Assigned task: Skipping all pictures, print exactly the lines below from the one with "Accesorio plug anal" through the final line.

Short descriptive text snippets:
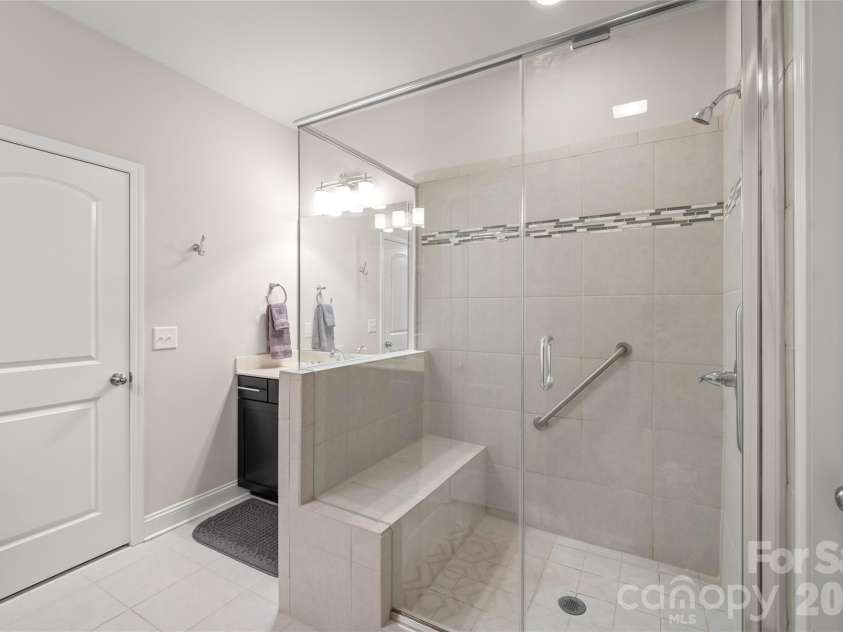 6446 Hove Road, Mint Hill, NC 28227.  MLS# CAR4366035, YatesRealty ID 12661. Primary Bath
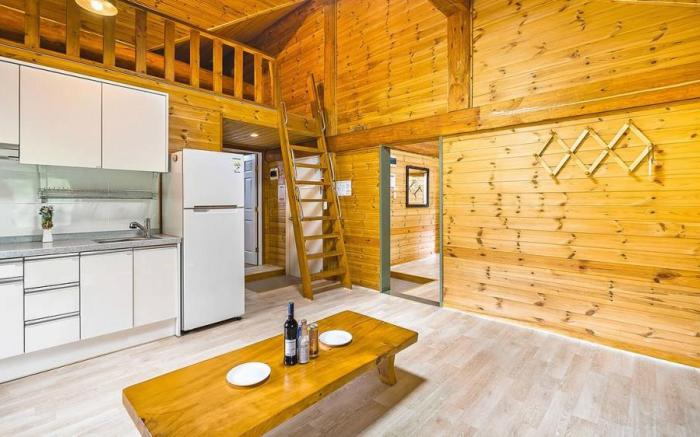 Moon river pension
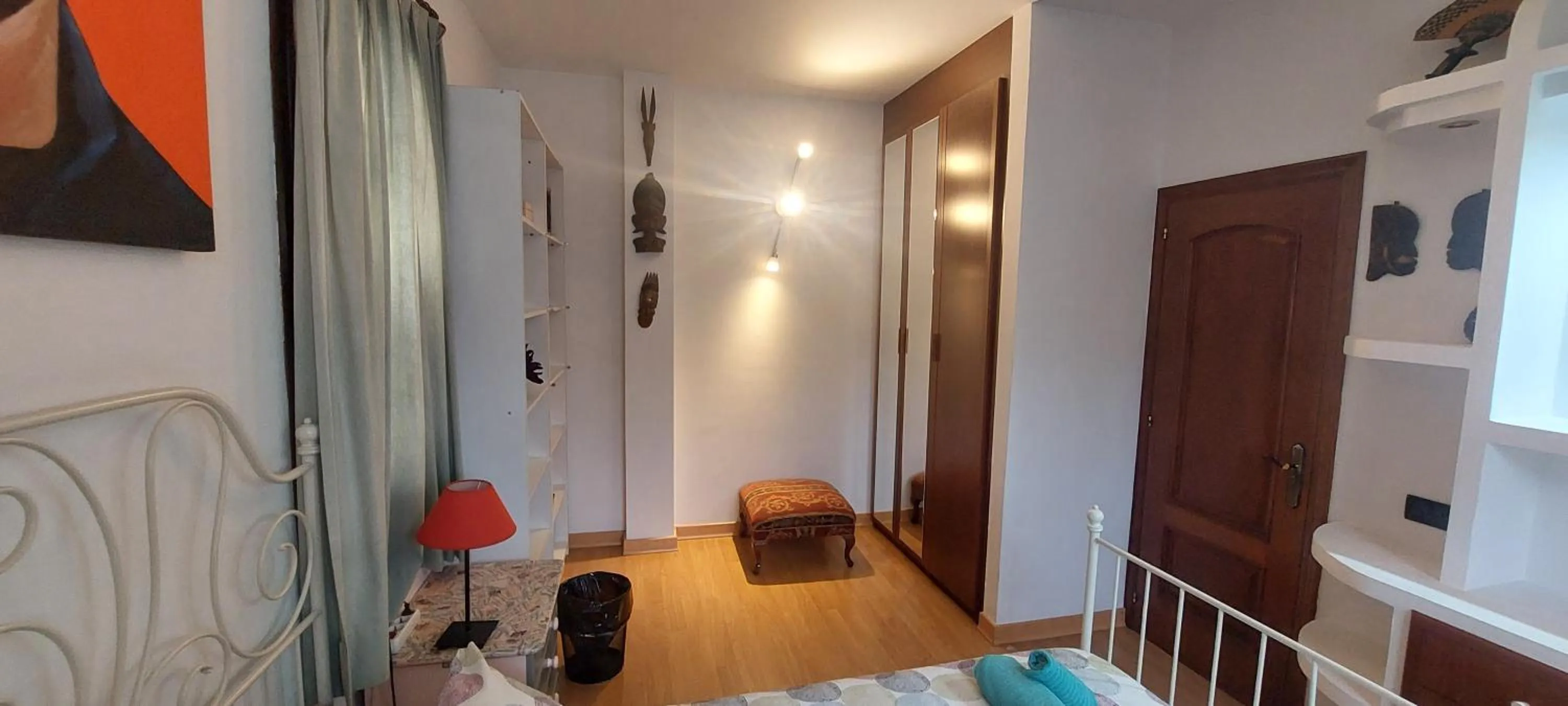 wardrobe, Bed in Chalet Anagato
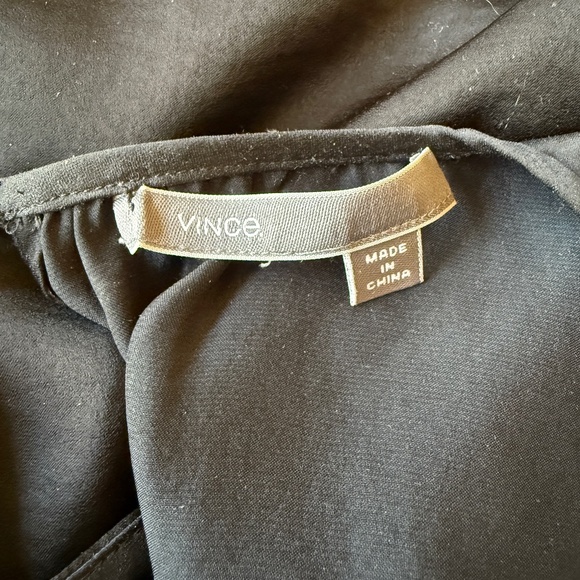 VINCE WRAP STYLE BLOUSE TOP LONG SLEEVE FLOWY HOLIDAY PARTY ROMANTIC SILKY - Picture 8 of 9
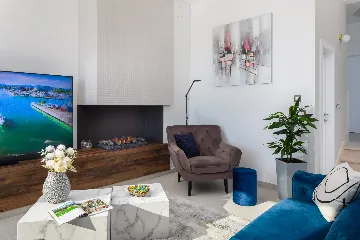 Modern Seaside Villa with Pool in Kaštel Štafilić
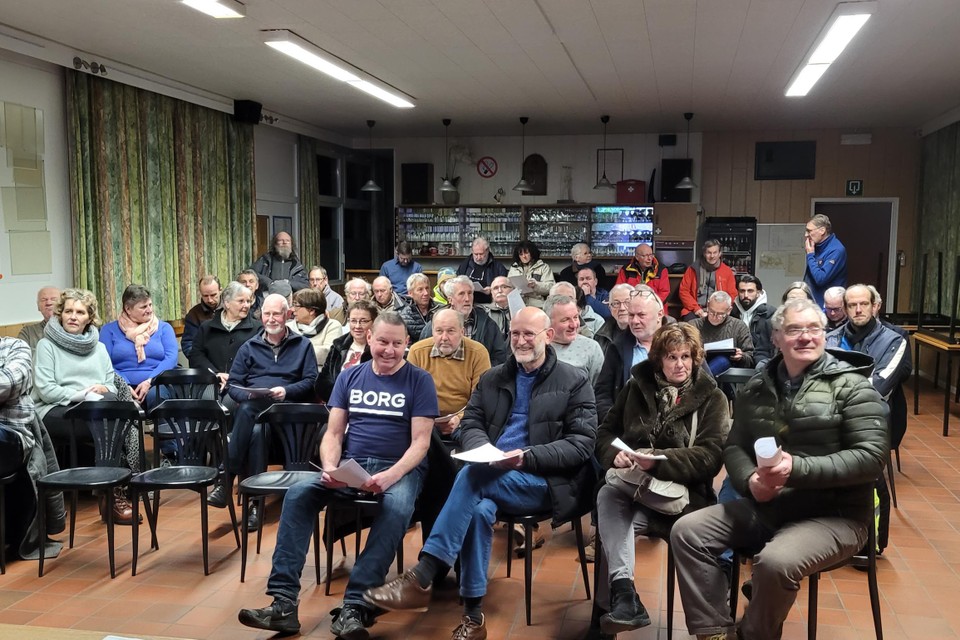 Reeds voor de hoorzitting liep het vergaderzaaltje vol. foto jef wijckmans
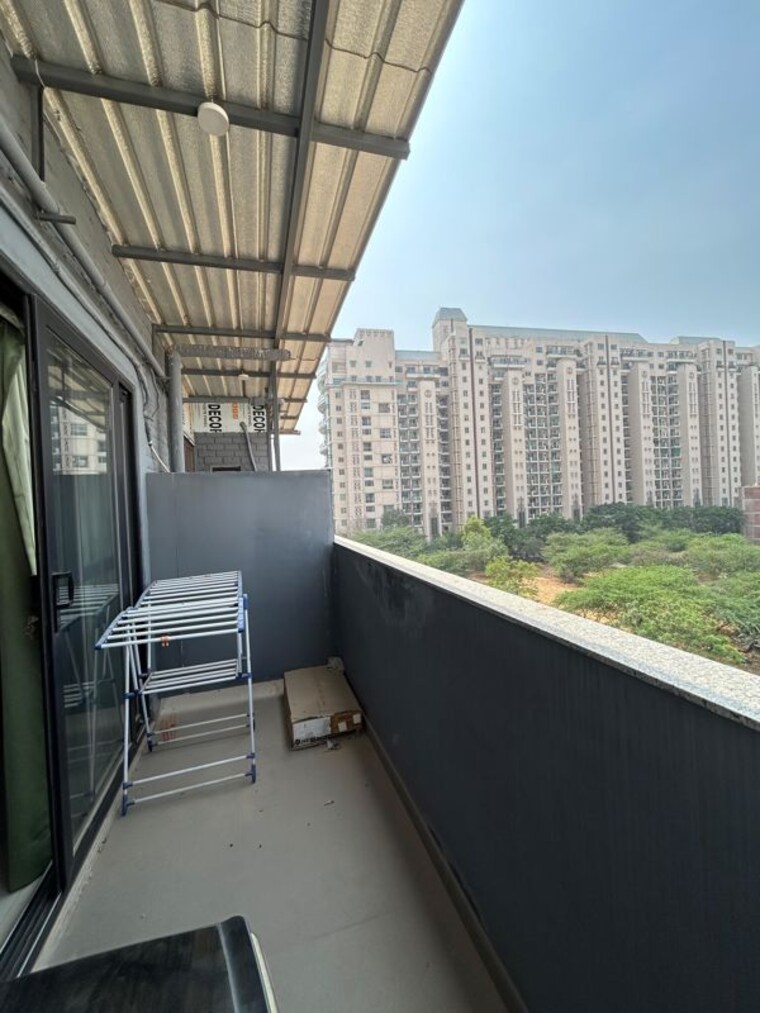 Balcony, sector 42 1 Bedroom 720 Sq.Ft. Builder Floor In Sector 42 Gurgaon 10276158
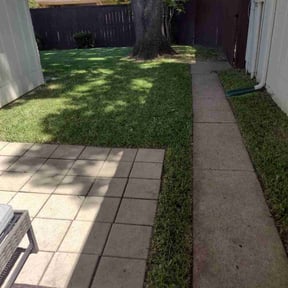 Leaf Removal by Landscaping reviewed on September 21, 2025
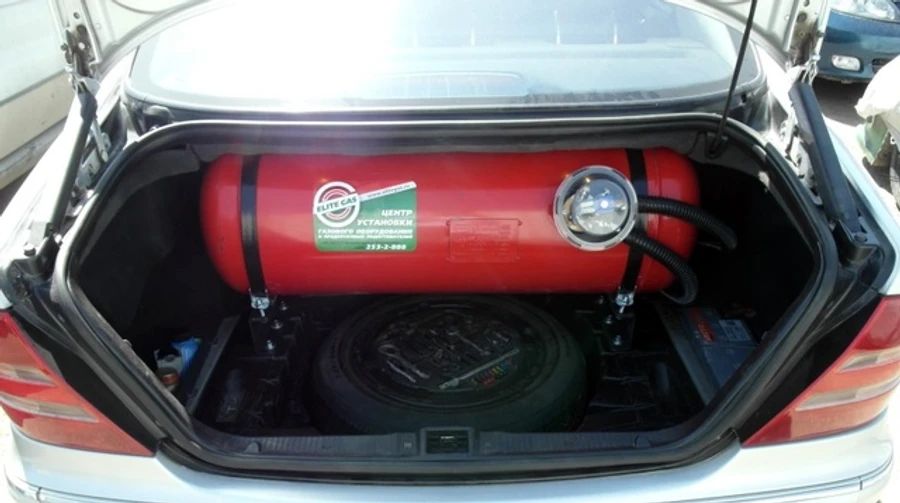 Petrol crisis pushes Russians towards gas as conversion services struggle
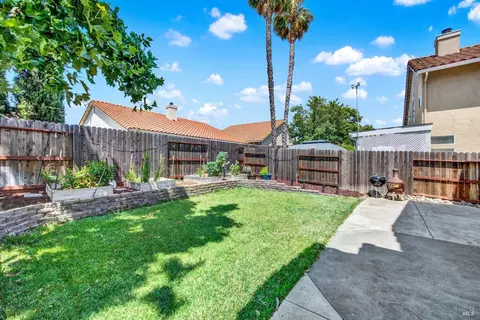 Exterior - 403 Eagle Ln, Vacaville, CA 95687 photo 15 of 22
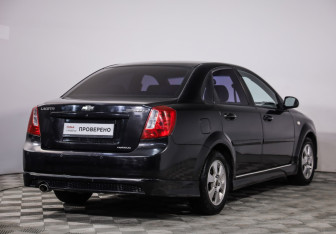Подержанный автомобиль Chevrolet Lacetti Sedan 2008 года (5 фото)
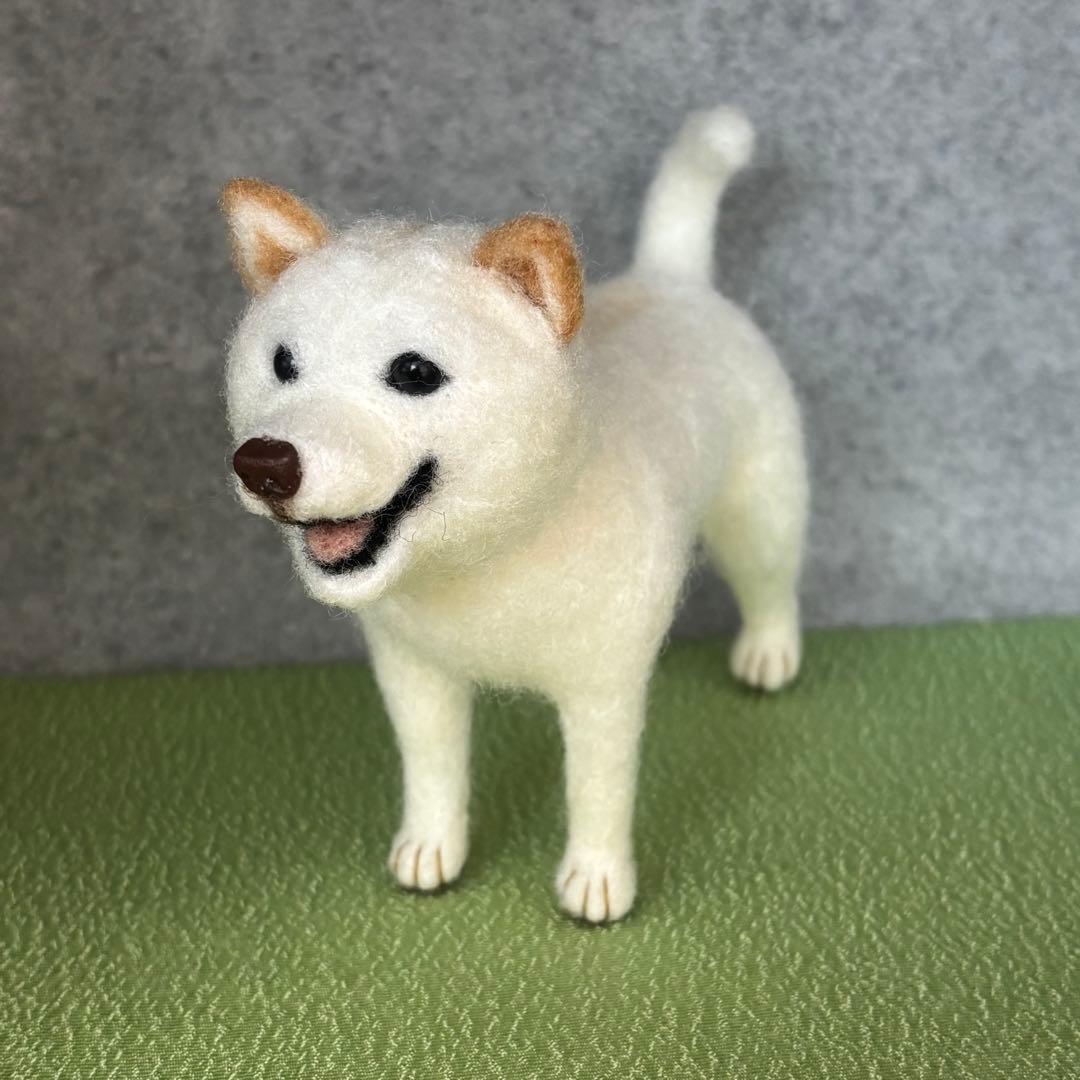 柴犬　白柴（小）　羊毛フェルト　ハンドメイド　No.113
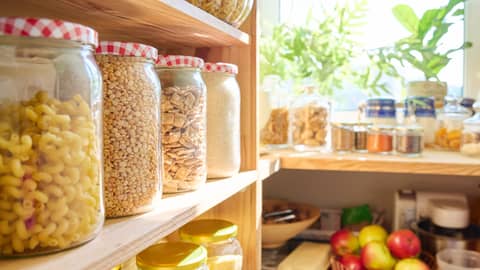 🫙 Cleaning the Pantry 🧹 | Organizing is Calming
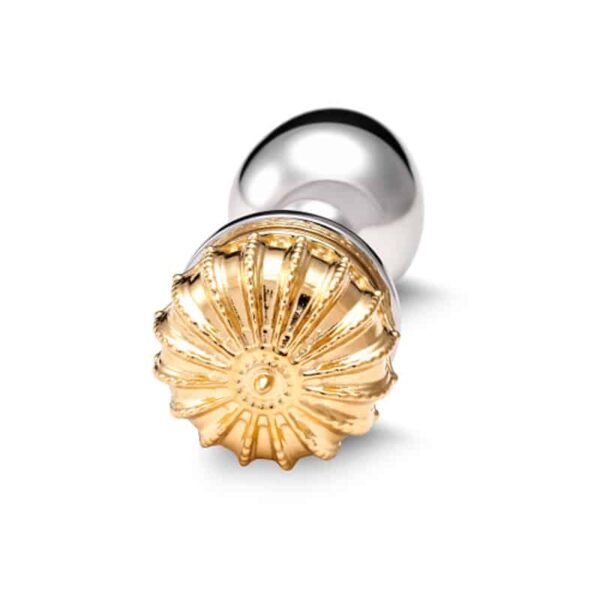 Accesorio plug anal en bronce plateado y decoración de corona dorada.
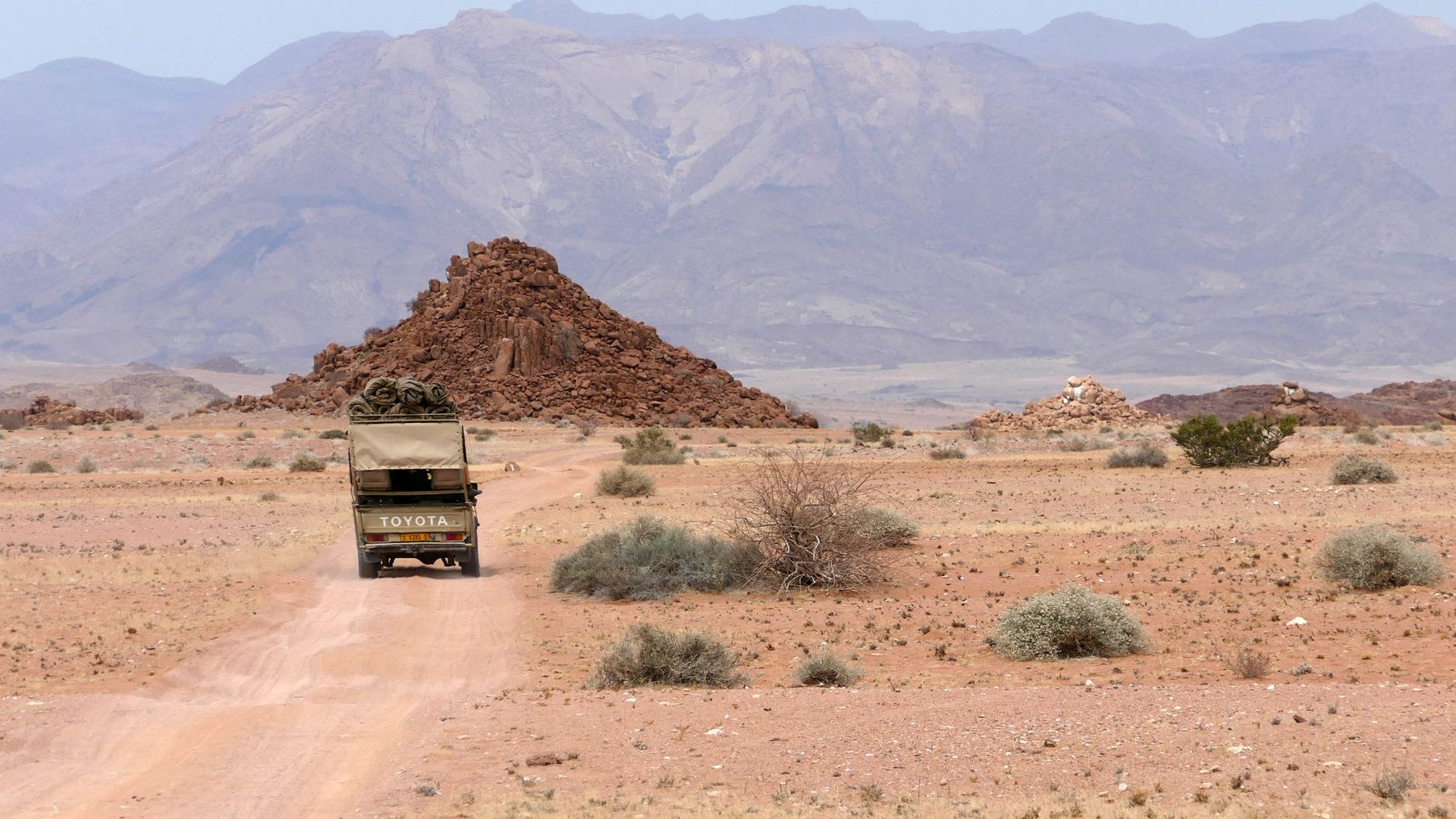 landingpage-freiwilligenarbeit-elefanten-afrika-namibia-game-drive-natucate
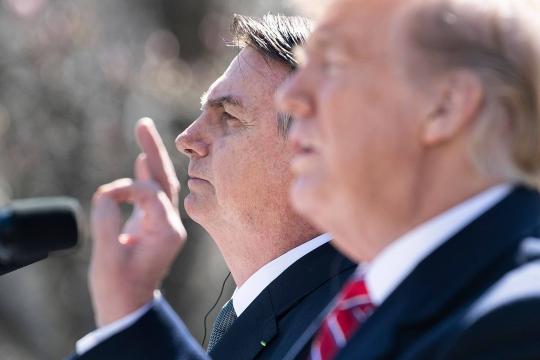 Presidentes se encontraram nos EUA | Após Bolsonaro fazer concessões, Trump apoia Brasil entrar na OCDE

Solution to the problem:
 Accesorio plug anal en bronce plateado y decoración de corona dorada.
 landingpage-freiwilligenarbeit-elefanten-afrika-namibia-game-drive-natucate
 Presidentes se encontraram nos EUA | Após Bolsonaro fazer concessões, Trump apoia Brasil entrar na OCDE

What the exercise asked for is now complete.